STABLE ISOTOPES IN ENAMEL: HOW IT HAS CHANGED WHAT WE KNOW ABOUT EMBRITHOPODS

The radiation of embrithopods from Northern Africa to the Eocene island of Pontides has posed a peculiar problem. Originally, researchers thought these mammals were semi- or fully-aquatic, based on their morphology, which means that they would have had the means to swim across the Neotethys sea that separated the two landmasses. However, recent stable isotope research completed by Clementz et. al. (2008) concluded that embrithopods are terrestrial, discrediting the widely accepted means of dispersal. It is important to understand if embrithopods in general were aquatic because it will shed light on how this group of African mammals ended up on the Eurasian island of Pontides during the middle Eocene (Lutetian), in addition to the general lifestyle of the group. Although morphology points to an aquatic lifestyle for the mammalian species, our measurements of the δ¹⁸O isotopic fractionations preserved in tooth enamel paints a different story. We compared the isotopic composition of tooth enamel from Palaeoamasia, a Eurasian embrithopod, to that of a known terrestrial mammal from the same region, Hilalia.
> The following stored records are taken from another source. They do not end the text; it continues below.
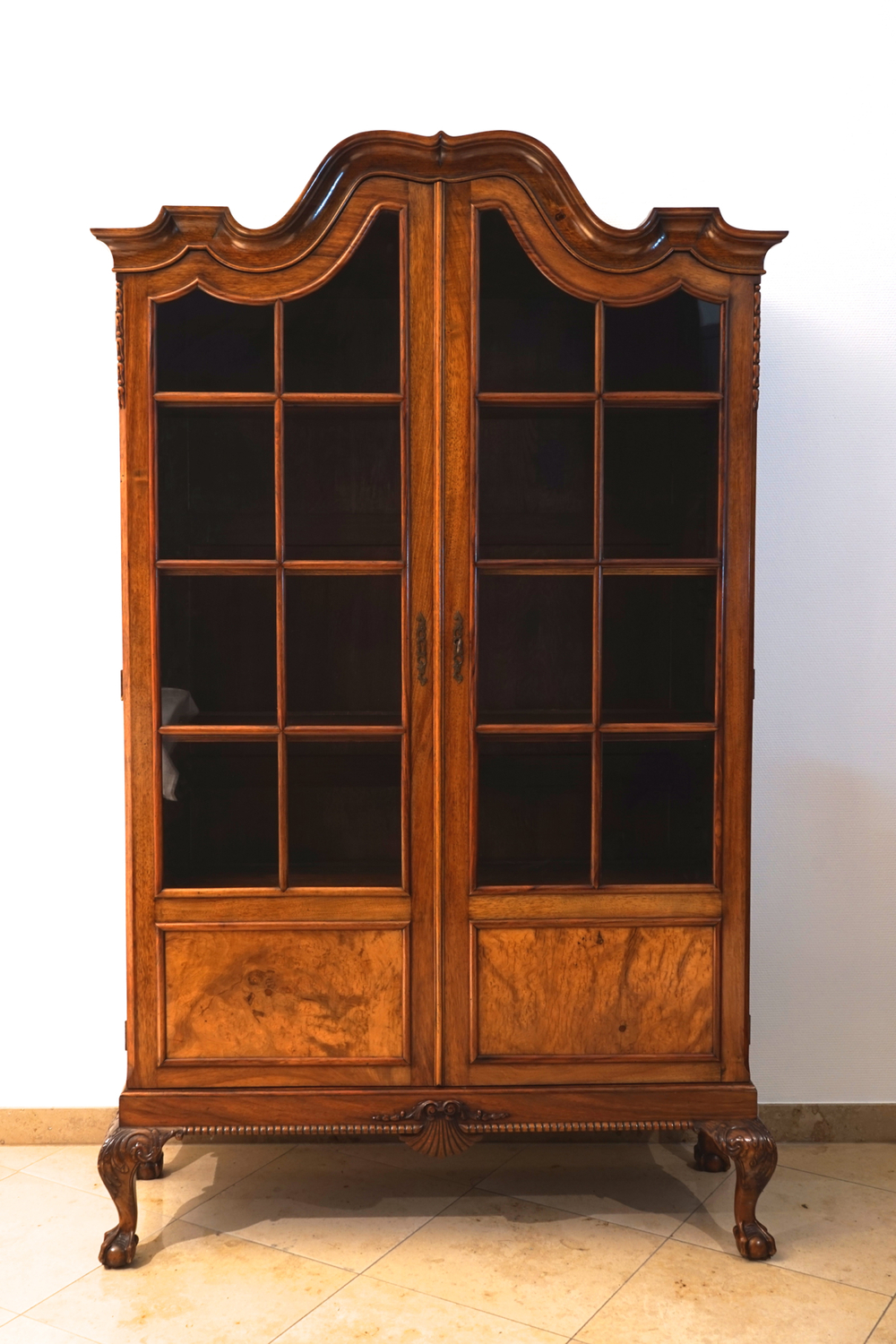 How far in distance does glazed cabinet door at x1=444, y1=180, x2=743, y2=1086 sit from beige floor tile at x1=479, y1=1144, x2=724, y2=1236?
0.39 metres

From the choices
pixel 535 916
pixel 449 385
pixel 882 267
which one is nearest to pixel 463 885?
pixel 535 916

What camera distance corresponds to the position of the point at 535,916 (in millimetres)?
2277

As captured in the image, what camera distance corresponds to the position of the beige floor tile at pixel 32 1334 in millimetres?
2023

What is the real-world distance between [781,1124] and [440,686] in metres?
1.45

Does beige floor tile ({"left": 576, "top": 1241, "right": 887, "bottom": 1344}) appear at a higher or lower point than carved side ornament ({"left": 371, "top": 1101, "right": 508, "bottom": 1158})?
lower

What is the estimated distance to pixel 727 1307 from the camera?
2.11 m

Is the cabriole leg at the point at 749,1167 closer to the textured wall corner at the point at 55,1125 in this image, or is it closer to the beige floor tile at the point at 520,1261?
the beige floor tile at the point at 520,1261

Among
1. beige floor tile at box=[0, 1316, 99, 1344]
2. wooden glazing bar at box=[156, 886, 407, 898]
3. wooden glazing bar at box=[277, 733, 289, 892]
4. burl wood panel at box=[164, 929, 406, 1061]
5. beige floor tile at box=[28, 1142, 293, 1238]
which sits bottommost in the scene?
beige floor tile at box=[28, 1142, 293, 1238]

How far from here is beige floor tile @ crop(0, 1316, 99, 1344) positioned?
2023 mm

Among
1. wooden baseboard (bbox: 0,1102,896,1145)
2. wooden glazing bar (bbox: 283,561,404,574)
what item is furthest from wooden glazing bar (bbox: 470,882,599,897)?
wooden baseboard (bbox: 0,1102,896,1145)

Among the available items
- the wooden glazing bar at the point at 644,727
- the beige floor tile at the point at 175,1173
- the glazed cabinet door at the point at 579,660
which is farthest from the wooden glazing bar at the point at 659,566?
the beige floor tile at the point at 175,1173

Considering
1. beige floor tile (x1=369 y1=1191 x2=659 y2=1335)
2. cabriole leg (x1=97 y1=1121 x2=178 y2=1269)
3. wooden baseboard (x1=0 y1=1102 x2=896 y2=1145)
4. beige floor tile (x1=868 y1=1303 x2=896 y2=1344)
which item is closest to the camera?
beige floor tile (x1=868 y1=1303 x2=896 y2=1344)

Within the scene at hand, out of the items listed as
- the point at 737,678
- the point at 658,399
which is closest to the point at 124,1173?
the point at 737,678

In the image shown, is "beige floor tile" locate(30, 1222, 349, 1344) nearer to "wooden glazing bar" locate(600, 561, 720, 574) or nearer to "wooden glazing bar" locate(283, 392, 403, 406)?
"wooden glazing bar" locate(600, 561, 720, 574) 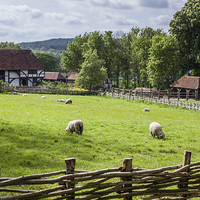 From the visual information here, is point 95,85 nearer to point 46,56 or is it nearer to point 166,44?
point 166,44

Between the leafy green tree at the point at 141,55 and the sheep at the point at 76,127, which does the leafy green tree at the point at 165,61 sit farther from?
the sheep at the point at 76,127

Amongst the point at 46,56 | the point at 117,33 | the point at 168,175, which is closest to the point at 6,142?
the point at 168,175

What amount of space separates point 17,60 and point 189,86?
41429 millimetres

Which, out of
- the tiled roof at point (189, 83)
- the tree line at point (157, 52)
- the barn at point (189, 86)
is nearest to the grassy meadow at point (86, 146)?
the barn at point (189, 86)

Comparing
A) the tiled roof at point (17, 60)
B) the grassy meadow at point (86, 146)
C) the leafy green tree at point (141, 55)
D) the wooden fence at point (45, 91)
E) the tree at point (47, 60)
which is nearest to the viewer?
the grassy meadow at point (86, 146)

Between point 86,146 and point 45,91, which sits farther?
point 45,91

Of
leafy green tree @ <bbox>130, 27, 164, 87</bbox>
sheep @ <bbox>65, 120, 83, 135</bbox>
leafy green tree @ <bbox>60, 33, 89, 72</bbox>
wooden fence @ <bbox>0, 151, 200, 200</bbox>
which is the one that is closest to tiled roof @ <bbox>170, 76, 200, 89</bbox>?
leafy green tree @ <bbox>130, 27, 164, 87</bbox>

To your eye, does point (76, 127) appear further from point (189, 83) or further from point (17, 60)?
point (17, 60)

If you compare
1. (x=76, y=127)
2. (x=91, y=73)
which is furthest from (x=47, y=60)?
(x=76, y=127)

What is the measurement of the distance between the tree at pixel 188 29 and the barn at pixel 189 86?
439cm

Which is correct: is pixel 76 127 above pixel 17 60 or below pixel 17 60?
below

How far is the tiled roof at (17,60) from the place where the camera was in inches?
2121

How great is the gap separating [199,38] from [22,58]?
1699 inches

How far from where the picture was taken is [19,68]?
179 feet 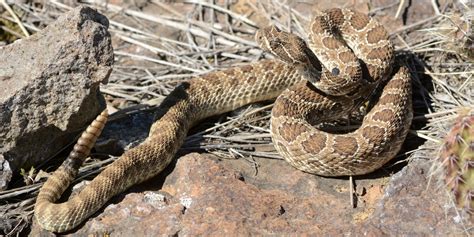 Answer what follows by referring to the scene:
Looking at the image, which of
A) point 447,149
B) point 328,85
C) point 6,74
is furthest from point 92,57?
point 447,149

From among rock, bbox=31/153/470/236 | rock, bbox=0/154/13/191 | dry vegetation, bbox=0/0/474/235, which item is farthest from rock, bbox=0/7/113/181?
rock, bbox=31/153/470/236

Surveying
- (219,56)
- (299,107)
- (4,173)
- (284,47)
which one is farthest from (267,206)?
(219,56)

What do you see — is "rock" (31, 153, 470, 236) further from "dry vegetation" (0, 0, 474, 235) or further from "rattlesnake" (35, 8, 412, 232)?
"dry vegetation" (0, 0, 474, 235)

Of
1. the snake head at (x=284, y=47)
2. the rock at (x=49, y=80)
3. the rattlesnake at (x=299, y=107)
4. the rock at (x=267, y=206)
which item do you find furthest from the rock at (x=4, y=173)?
the snake head at (x=284, y=47)

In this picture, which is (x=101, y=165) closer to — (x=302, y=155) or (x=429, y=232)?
(x=302, y=155)

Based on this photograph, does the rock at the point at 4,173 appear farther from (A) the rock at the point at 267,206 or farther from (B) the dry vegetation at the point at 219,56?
(A) the rock at the point at 267,206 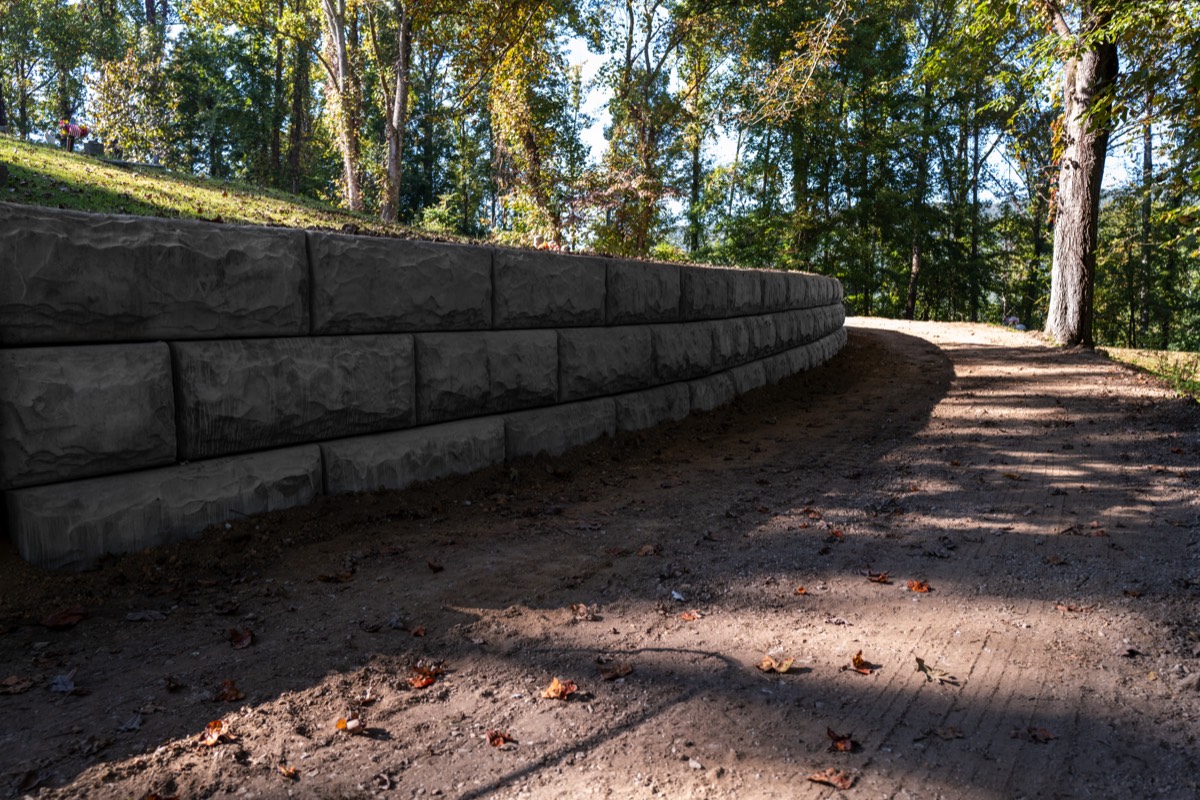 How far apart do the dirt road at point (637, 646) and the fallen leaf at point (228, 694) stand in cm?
2

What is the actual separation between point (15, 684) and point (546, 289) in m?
3.80

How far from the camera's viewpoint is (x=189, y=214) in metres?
7.51

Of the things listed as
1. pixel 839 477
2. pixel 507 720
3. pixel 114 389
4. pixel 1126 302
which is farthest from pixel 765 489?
pixel 1126 302

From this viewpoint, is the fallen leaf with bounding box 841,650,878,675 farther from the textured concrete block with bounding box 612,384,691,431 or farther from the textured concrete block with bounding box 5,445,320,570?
the textured concrete block with bounding box 612,384,691,431

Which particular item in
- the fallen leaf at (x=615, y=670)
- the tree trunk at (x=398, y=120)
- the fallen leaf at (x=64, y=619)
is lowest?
the fallen leaf at (x=615, y=670)

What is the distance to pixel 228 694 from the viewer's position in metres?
2.55

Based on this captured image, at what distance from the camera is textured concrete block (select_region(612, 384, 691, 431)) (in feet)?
21.0

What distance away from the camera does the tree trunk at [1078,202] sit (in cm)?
1193

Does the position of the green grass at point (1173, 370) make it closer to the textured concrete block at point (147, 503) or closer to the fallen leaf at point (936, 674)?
the fallen leaf at point (936, 674)

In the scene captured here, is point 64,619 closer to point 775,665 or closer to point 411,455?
point 411,455

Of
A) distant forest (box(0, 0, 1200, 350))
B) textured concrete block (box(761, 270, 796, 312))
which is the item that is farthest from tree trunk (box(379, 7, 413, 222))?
textured concrete block (box(761, 270, 796, 312))

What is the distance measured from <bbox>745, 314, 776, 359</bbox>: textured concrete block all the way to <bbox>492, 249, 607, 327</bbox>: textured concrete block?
3232 millimetres

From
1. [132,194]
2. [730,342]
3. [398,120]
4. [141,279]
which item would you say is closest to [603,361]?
[730,342]

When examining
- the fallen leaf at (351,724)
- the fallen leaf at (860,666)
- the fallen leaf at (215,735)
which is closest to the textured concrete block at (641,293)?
the fallen leaf at (860,666) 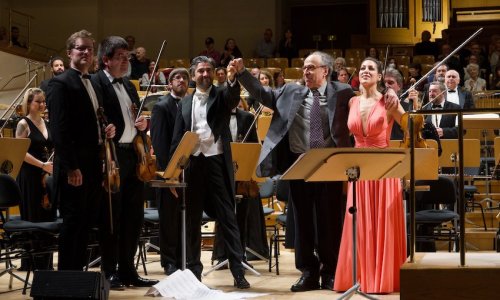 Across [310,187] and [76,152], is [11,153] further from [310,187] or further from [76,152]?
[310,187]

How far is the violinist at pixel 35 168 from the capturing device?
5984mm

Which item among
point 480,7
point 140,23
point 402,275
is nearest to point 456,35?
point 480,7

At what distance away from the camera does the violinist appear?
5984 mm

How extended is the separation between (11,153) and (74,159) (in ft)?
3.11

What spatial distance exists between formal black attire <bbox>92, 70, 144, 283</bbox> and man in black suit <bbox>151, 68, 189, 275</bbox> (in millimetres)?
408


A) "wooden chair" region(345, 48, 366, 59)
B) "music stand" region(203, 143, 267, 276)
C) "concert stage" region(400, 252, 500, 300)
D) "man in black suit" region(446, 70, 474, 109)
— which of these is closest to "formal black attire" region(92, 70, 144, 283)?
"music stand" region(203, 143, 267, 276)

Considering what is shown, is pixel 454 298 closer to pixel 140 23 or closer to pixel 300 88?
pixel 300 88

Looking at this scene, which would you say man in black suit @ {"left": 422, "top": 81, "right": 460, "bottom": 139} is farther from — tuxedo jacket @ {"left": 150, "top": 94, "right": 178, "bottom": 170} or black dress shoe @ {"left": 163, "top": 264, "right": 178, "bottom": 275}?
black dress shoe @ {"left": 163, "top": 264, "right": 178, "bottom": 275}

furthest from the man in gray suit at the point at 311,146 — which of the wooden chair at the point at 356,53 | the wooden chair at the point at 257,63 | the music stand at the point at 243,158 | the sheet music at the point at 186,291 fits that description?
the wooden chair at the point at 356,53

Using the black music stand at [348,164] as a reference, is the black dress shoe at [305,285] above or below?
below

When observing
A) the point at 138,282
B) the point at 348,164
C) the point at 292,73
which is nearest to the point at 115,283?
the point at 138,282

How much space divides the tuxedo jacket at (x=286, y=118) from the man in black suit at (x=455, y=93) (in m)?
2.96

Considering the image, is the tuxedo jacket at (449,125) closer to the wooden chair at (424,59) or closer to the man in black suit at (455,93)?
the man in black suit at (455,93)

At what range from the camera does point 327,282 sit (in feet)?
17.7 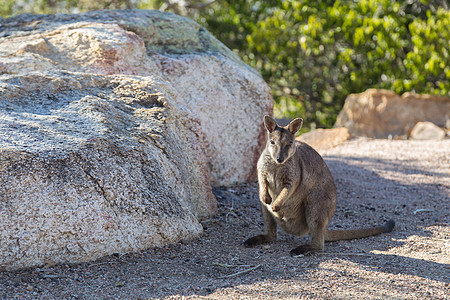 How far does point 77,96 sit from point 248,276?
2138 mm

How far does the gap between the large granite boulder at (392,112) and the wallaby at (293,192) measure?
5.41 metres

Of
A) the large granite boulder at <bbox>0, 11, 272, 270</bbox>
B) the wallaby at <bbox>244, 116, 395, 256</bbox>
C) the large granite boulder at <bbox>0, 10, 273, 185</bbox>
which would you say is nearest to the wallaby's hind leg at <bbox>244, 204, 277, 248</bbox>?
the wallaby at <bbox>244, 116, 395, 256</bbox>

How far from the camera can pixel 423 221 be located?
5.12 m

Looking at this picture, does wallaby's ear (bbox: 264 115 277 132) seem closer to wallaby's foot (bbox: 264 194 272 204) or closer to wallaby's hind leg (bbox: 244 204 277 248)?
wallaby's foot (bbox: 264 194 272 204)

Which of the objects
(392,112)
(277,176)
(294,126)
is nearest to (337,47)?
(392,112)

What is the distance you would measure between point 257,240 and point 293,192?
0.50 meters

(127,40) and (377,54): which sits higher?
(127,40)

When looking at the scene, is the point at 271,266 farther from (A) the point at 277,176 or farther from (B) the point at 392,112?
(B) the point at 392,112

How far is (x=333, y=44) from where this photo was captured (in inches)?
432

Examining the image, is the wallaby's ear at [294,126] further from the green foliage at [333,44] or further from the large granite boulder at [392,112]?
the green foliage at [333,44]

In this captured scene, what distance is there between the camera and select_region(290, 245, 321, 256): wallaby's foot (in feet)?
13.4

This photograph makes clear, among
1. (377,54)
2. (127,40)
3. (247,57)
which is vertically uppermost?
(127,40)

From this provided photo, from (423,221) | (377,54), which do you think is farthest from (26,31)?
(377,54)

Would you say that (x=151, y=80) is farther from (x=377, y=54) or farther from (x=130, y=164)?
(x=377, y=54) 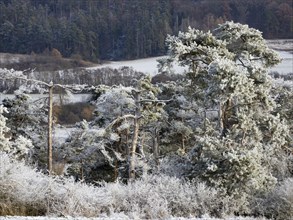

The embrithopod δ¹⁸O values fell within the Hilalia range of 20.99 ‰ to 18.96 ‰ (VSMOW), with a p-value of 0.4694. These results suggest that Palaeoamasia inhabited a similar terrestrial ecosystem, putting into question the previously accepted aquatic lifestyle of the mammal and the ability to swim from Northern Africa to Pontides. If embrithopods were in fact a terrestrial group, they would have had to walk, or swim short distances, along carbonate shelves between islands until they reached Pontides. Our research has also shown that tooth enamel can preserve carbon and oxygen isotopes with minimal replacement or diagenesis, making it a good source for stable isotopes in future studies.